### Dataset excerpts
>>>>>

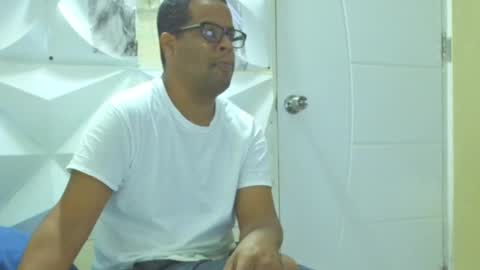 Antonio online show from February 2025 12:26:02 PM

<<<<<
>>>>>

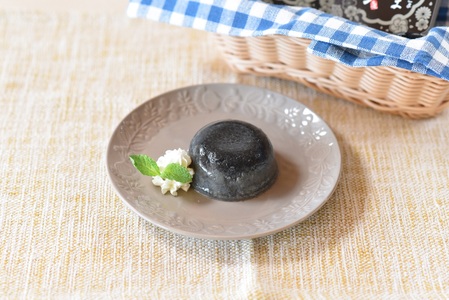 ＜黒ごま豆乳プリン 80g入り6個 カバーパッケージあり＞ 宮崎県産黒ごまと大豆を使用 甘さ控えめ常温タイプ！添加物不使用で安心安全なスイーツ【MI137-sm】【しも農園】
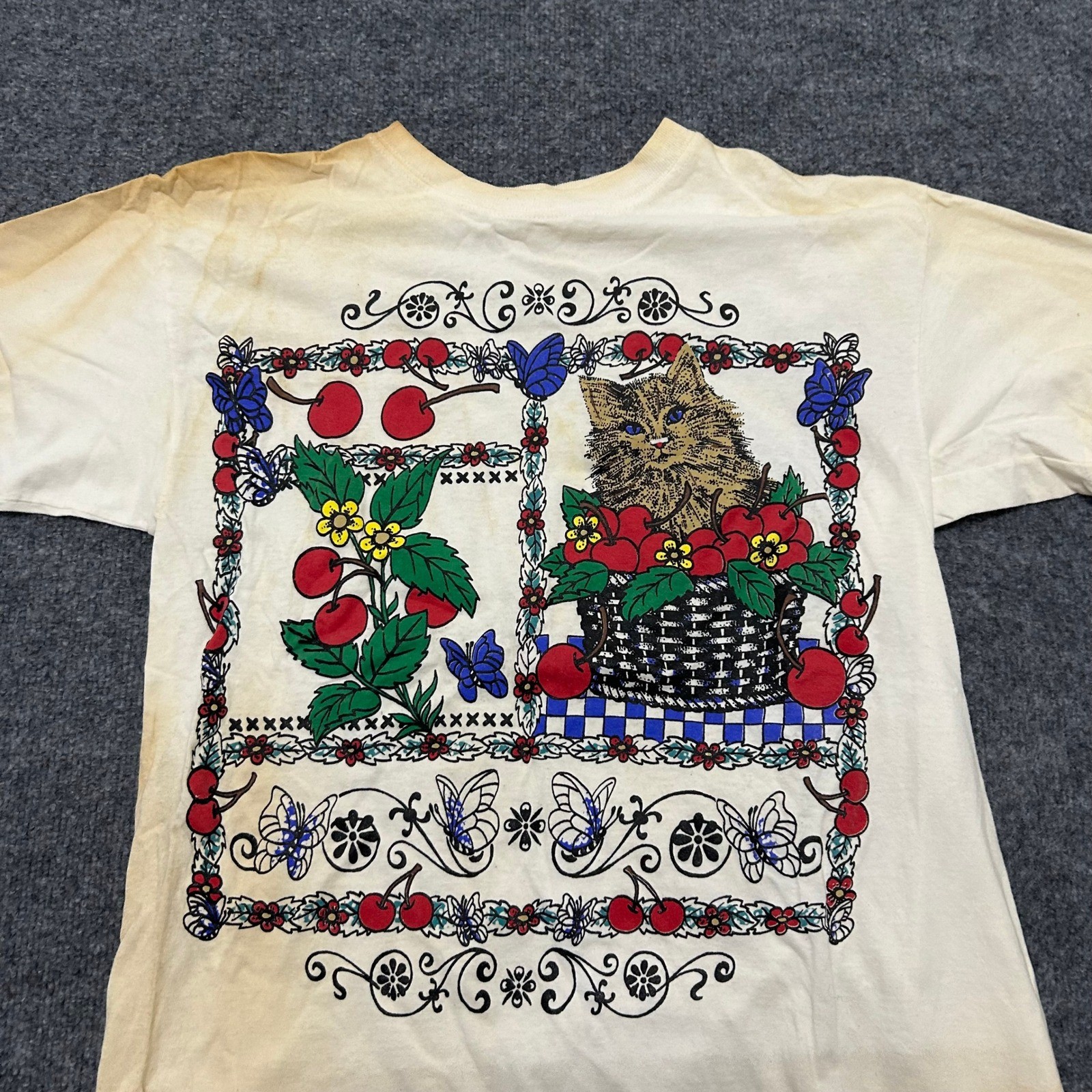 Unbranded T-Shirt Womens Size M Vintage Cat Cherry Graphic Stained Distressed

<<<<<
>>>>>

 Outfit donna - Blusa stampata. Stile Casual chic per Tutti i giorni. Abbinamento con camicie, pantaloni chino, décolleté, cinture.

<<<<<

### Instructions to follow
Return the stretch of data that begins with the line showing "80g入り6個 カバーパッケージあり＞ 宮崎県産黒ごまと大豆を使用" and goes on through the line showing "Unbranded T-Shirt Womens", exactly, with pictures removed.

### Answer space
 ＜黒ごま豆乳プリン 80g入り6個 カバーパッケージあり＞ 宮崎県産黒ごまと大豆を使用 甘さ控えめ常温タイプ！添加物不使用で安心安全なスイーツ【MI137-sm】【しも農園】
 Unbranded T-Shirt Womens Size M Vintage Cat Cherry Graphic Stained Distressed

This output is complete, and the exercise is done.